Daerah Istimewa Yogyakarta (DIY) dikenal sebagai kota pelajar dan destinasi pariwisata yang memiliki banyak kampus dan tempat menarik. Banyak lulusan kampus memilih untuk menetap di Yogyakarta untuk bekerja. Namun, apakah UMR (Upah Minimum Provinsi) di Yogyakarta benar-benar rendah?
UMR atau UMP (Upah Minimum Provinsi) adalah upah minimum yang berlaku di tingkat provinsi. Menurut penetapan pemerintah DIY pada Januari 2023, UMP tahun 2023 di Yogyakarta adalah sebesar Rp 1.981.782. Angka ini mengalami kenaikan sebesar 7,65% dibandingkan dengan UMP tahun 2022, yang hanya sebesar Rp 1.840.915.

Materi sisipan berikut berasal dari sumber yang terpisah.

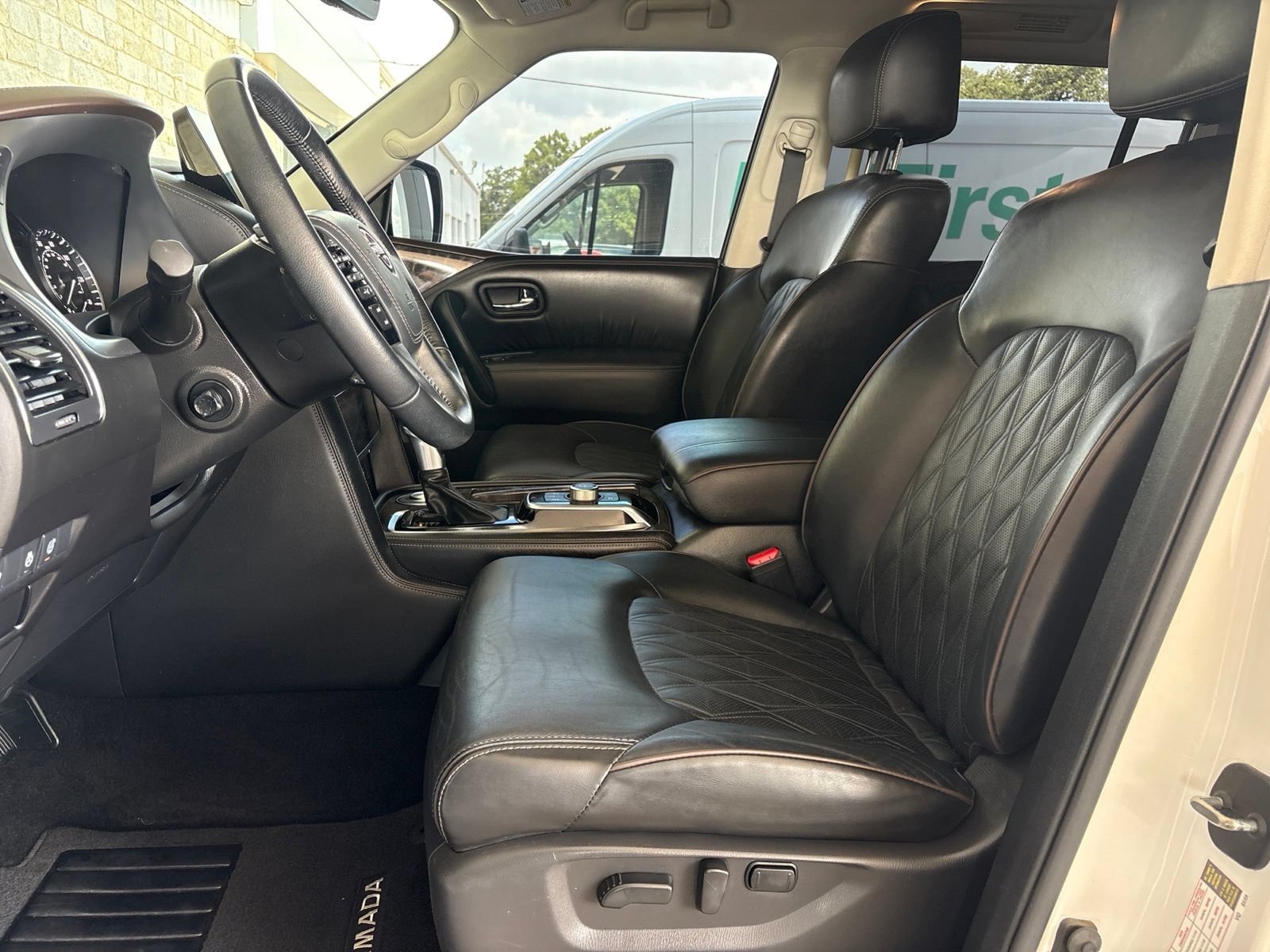 Used 2022 Nissan Armada Platinum w/ Captain's Chairs Package RWD image 15
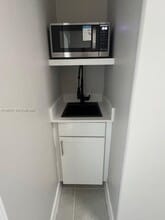 7800 SW 36th St in Miami, FL - Building Photo - Building Photo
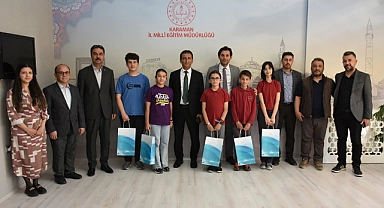 İngilizce yarışmalarında derece alan öğrenciler ödüllendirildi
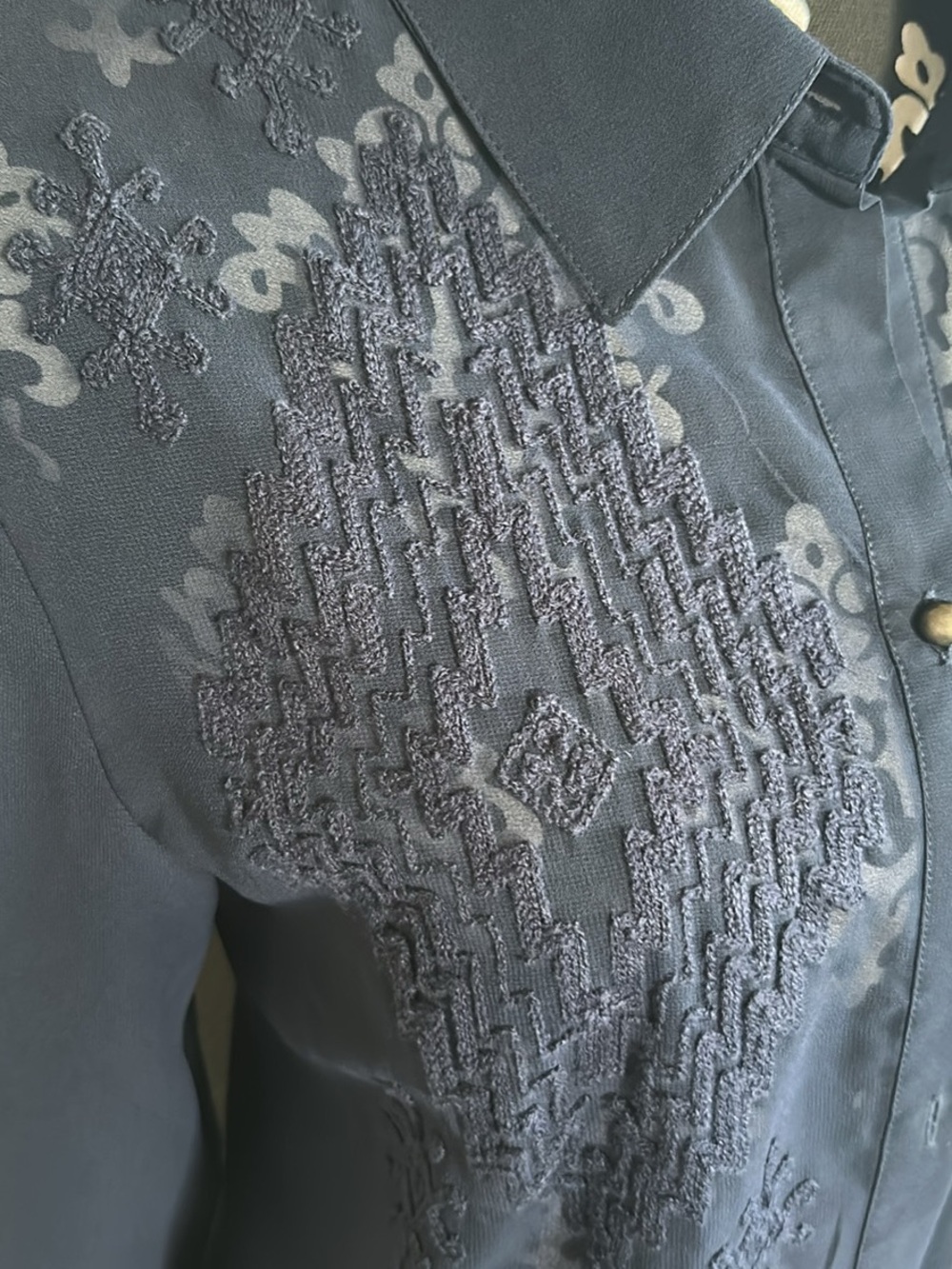 Embroidered Navy Button-Up Blouse Double D Ranch size medium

Selain UMP, terdapat juga Upah Minimum Kabupaten/Kota (UMK) yang berbeda-beda, antara lain:
Bandingkan dengan kota-kota lain seperti Bandung dengan UMK sebesar Rp 4.048.462,69 dan Semarang dengan UMK sebesar Rp 3.060.348,78, kota Yogyakarta memiliki UMK yang lebih rendah.

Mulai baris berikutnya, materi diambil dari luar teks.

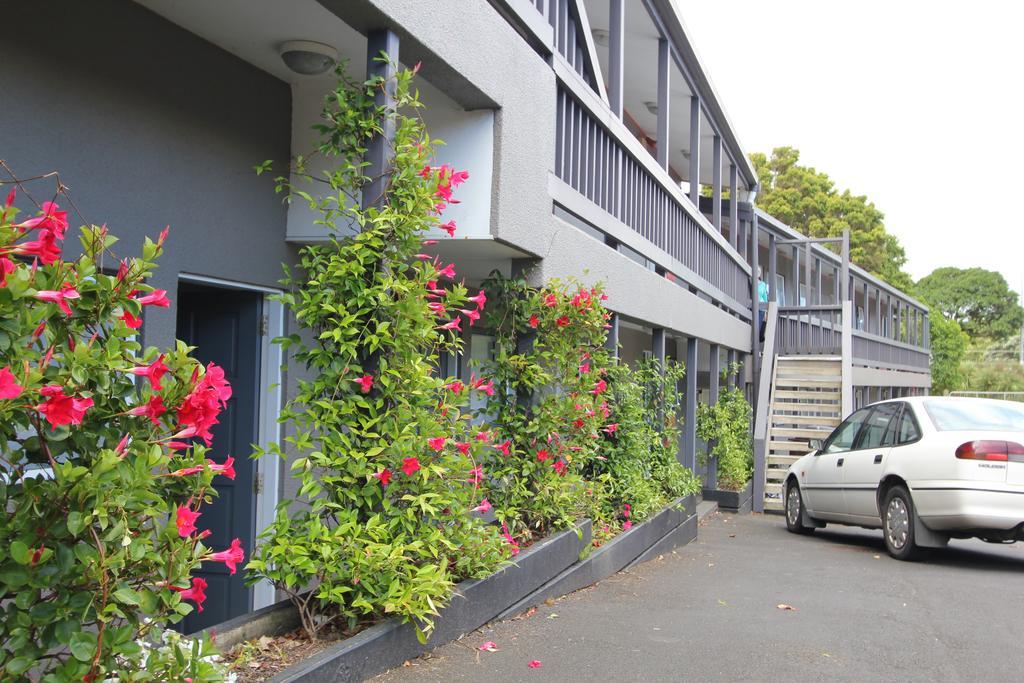 Motel 80 Auckland Eksteriør billede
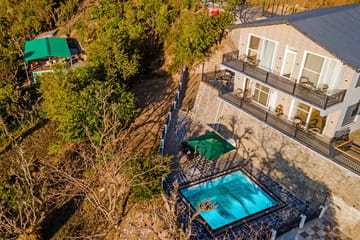 Sunset Springs w/ Heated Swimming Pool - Image 3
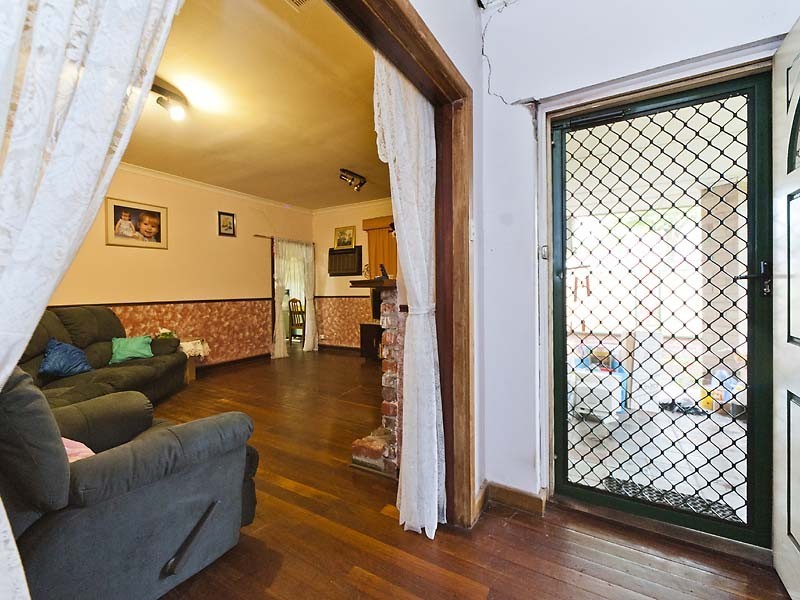 32 East Street, Guildford WA 6055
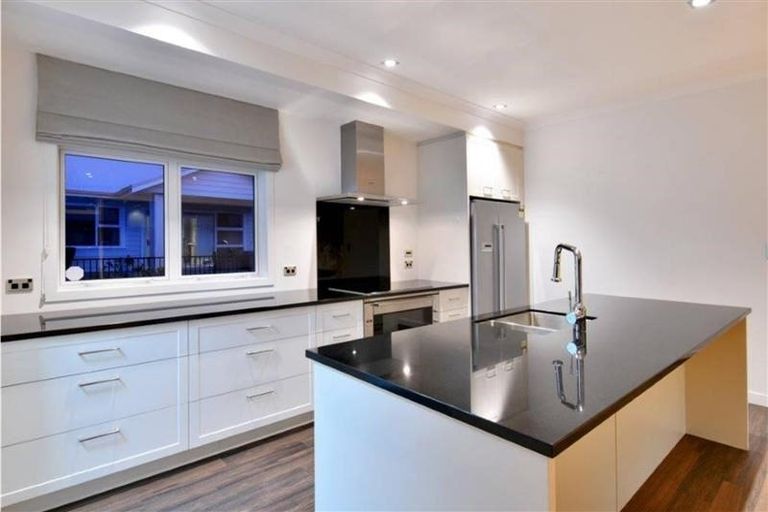 Photo of property in 2 York Terrace, Riverhead, 0820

Dr. Hempri Suyatna, seorang dosen di Fakultas Ilmu Sosial dan Ilmu Politik (FISIPOL) serta peneliti di Pusat Studi Ekonomi Kerakyatan Universitas Gadjah Mada (UGM), menjelaskan beberapa alasan mengapa Yogyakarta memiliki Upah Minimum Provinsi yang rendah.
Salah satu alasan adalah karena ketersediaan lapangan kerja yang terbatas di Yogyakarta. Ini dapat mengakibatkan persaingan antar perusahaan dalam merekrut tenaga kerja tidak begitu ketat. Akibatnya, upah yang ditawarkan juga tidak tinggi.
Hempri juga mencatat bahwa standar hidup di Yogyakarta tidak terlalu tinggi, sehingga memengaruhi tingkat upah yang rendah. Yogyakarta bukanlah kota industri, tetapi meningkatkan kesejahteraan pekerja di sana tetap menjadi perhatian penting.
Meskipun beberapa bahan kebutuhan pokok di Yogyakarta relatif murah, harga tanah di sana dapat tinggi dalam konteks tertentu. Ini juga merupakan faktor yang perlu dipertimbangkan.
Hempri mencatat bahwa indeks kebahagiaan di Yogyakarta termasuk tinggi di Indonesia. Namun, aspek Upah Minimum Provinsi tetap perlu diperhatikan oleh pemerintah karena dengan UMR yang lebih tinggi, daya beli masyarakat bisa meningkat.
Selain itu, suasana kota Yogyakarta yang kental dengan filosofi Jawa dapat mendukung suasana kesejahteraan yang berbeda dengan kota lain. Masyarakat di Yogyakarta, terutama yang tinggal di pedesaan, cenderung memandang kesejahteraan dalam konteks subjektif, bukan hanya dari segi ekonomi.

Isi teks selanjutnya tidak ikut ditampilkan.